___ RECORDS FOR THIS EXERCISE ___
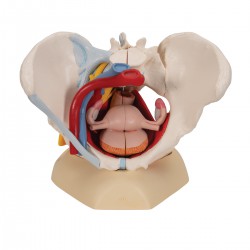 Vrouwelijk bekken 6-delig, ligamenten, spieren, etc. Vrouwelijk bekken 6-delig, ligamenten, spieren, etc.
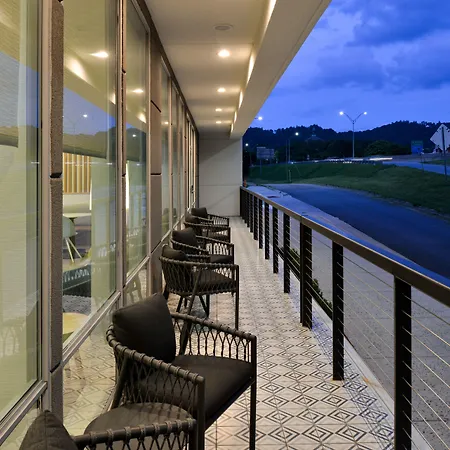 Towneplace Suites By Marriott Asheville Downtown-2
___
___ RECORDS FOR THIS EXERCISE ___
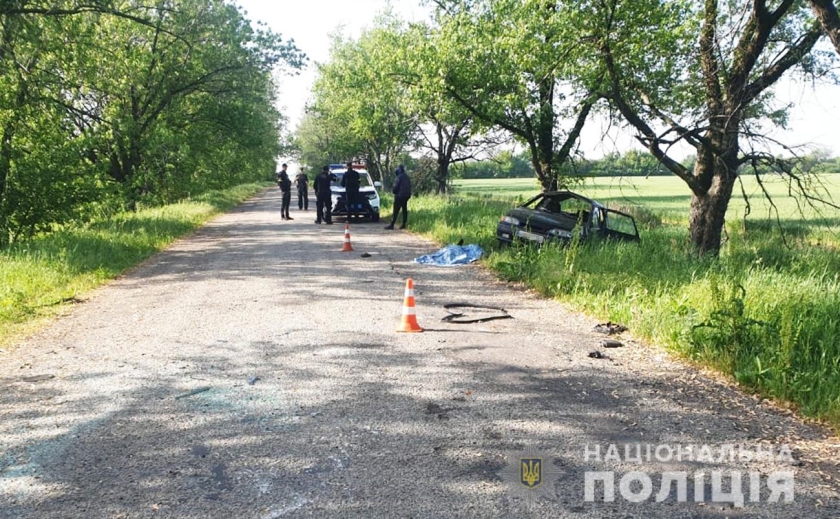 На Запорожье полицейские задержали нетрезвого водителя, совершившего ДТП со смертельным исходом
___
Your answer should be the lines above, word for word, from the line with "Vrouwelijk bekken 6-delig, ligamenten, spieren, etc. Vrouwelijk" through the line with "Towneplace Suites By", minus the pictures.

_COMPLETED TASK_
 Vrouwelijk bekken 6-delig, ligamenten, spieren, etc. Vrouwelijk bekken 6-delig, ligamenten, spieren, etc.
 Towneplace Suites By Marriott Asheville Downtown-2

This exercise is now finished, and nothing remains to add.